Yaotl Mictlan combines what the brothers Yaotl and Tlatecatl are most fond of: pre-Hispanic culture, especially its rituals, beliefs and mysticism, Aztec and Mayan music, as well as black metal. “If Norwegian bands combine Scandinavian mythology and paganism with black metal, why wouldn’t we do the same?”, our two brothers once said to each other. Very few musicians ventured into this niche at the time; a few followed, like their Mexican compatriots Ahpuch Oztoc.

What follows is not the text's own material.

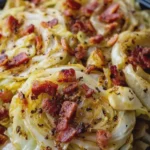 Slow Cooker Buttery Garlic Cabbage with Beef Bacon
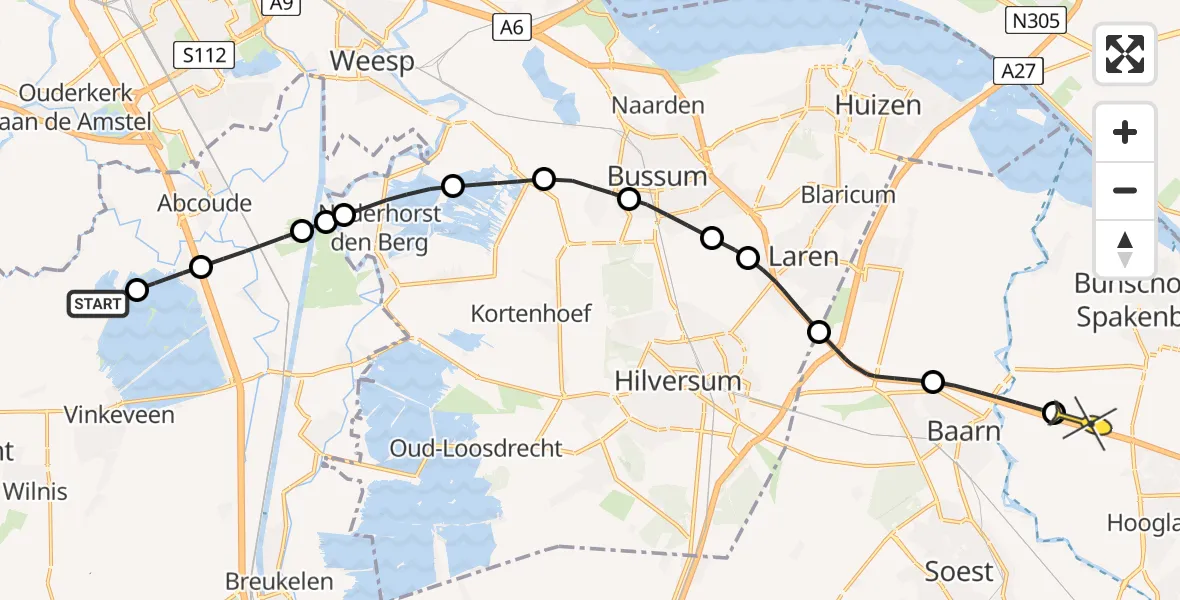 Routekaart van de vlucht: Politieheli naar Bunschoten-Spakenburg, Winkeldijk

Yaotl beats the skins, Tlatecatl sings, Nahuali and Xolotl accompany them on bass guitar. These artisans ingeniously integrate sounds from a panoply of Pre-Columbian wind and percussion instruments into their fierce foundation. At the beginning of “Entre lluvias fuertes”, a horn with an ancient and lugubrious sound, arpeggiated guitar chords, the crackling of a rattle, bloodcurdling screams – emanating from a man, a jaguar, or some creature half of each? – and flute notes (on a human bone, no doubt), before the black-metal artillery thunders. Another example is “Buho lanzadardos – Entrada Teotihuacana”, with its Mesoamerican intro, followed by a furious homage to the chief “Spear-throwing Owl” (the Buho lanzadardos of the title), who is said to have ruled the town of Teotihuacan for some 60 years.
With Tierra sagrada del Jaguar, Yaotl Mictlan lead a wonderful excursion into metallic Mesoamerica.